The Xianyun 玁狁 were "wild" tribes living in what is today the south of Shaanxi province, in Gansu, and in Inner Mongolia during early antiquity. The name of these apparently nomadic tribes appears not only in transmitted texts, but also in Western Zhou period 西周 (11th cent.-770 BCE) bronze inscriptions and is variously transcribed as Xianyun 玁狁, Xianyun 獫狁, Hunzhou (Hunyu?) 葷粥, Xunyu 獯鬻, Xunyu 薰育, Xunyu 熏育, in bronze inscriptions also 𠪚允,𡪯允 and other forms. An ethnic affiliation to any better-known tribes (like the Xiongnu 匈奴) cannot realistically be established, nor is it certain that the western tribes of the Rong 戎 and Di 狄, Quanyi 畎夷, Quanyi 犬夷 or Quanrong 犬戎 appearing during the Spring and Autumn period 春秋 (770-5th cent. BCE), or the tribes of the Guifang 鬼方 or Kunyi 昆夷 (緄夷), mentioned in Shang period 商 (17th-11th cent. BCE) oracle bone inscriptions, were identical with them.

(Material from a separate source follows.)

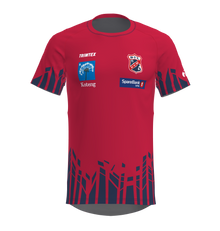 Run T-Shirt SS Jr (9290007249171)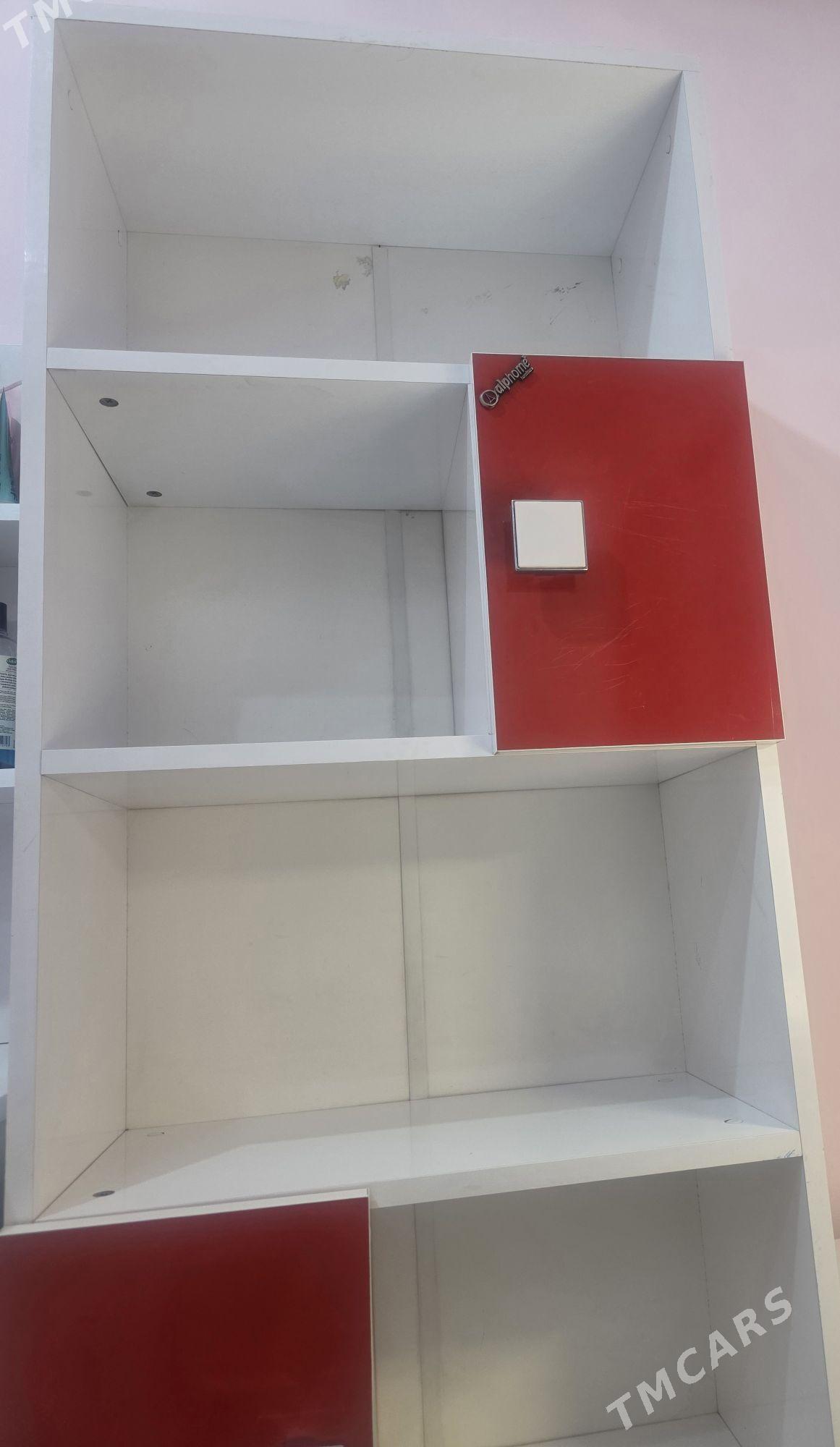 Şkaf - 30 mkr - img 1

In some legends, the Hunzhou 葷粥 represent enemies of the Yellow Emperor (Huang Di 黃帝).
The Xuanyun are mentioned in several poems of the Shijing "Book of Songs" (Minor Odes Chuche 出車 and Caiwei 采薇). The minor ode Liuyue 六月 reveals that Xianyun tribes were even found in the region of Taiyuan, northern Shanxi.
The Xianyun several times harassed the Western Zhou capital in Haojing 鎬京. The inscription of the tripod Duoyou ding 多友鼎 reports that King Yi 周夷王 (885-878 BCE) assembled "allied" forces against the Xianyun, killing 356 of them, capturing 28, and making a booty of 127 chariots. King Xuan 周宣王 (r. 828-782 BCE) successfully repelled them and erected fortifications in the northern region (cheng bi Shuofang 城彼朔方) to prevent them from raiding the borderlands. The inscription of the plate Guo Jizi bo pan 虢季子白盤 reports of 500 slain enemies and 50 war captives. His victory over the Xianyun is also narrated in the inscription of the tripod Shitong ding 師同鼎.
If the Xuanyun were identical with the Quanrong, it was an invasion of the Xianyun which ended the Zhou rule over the western parts of their empire.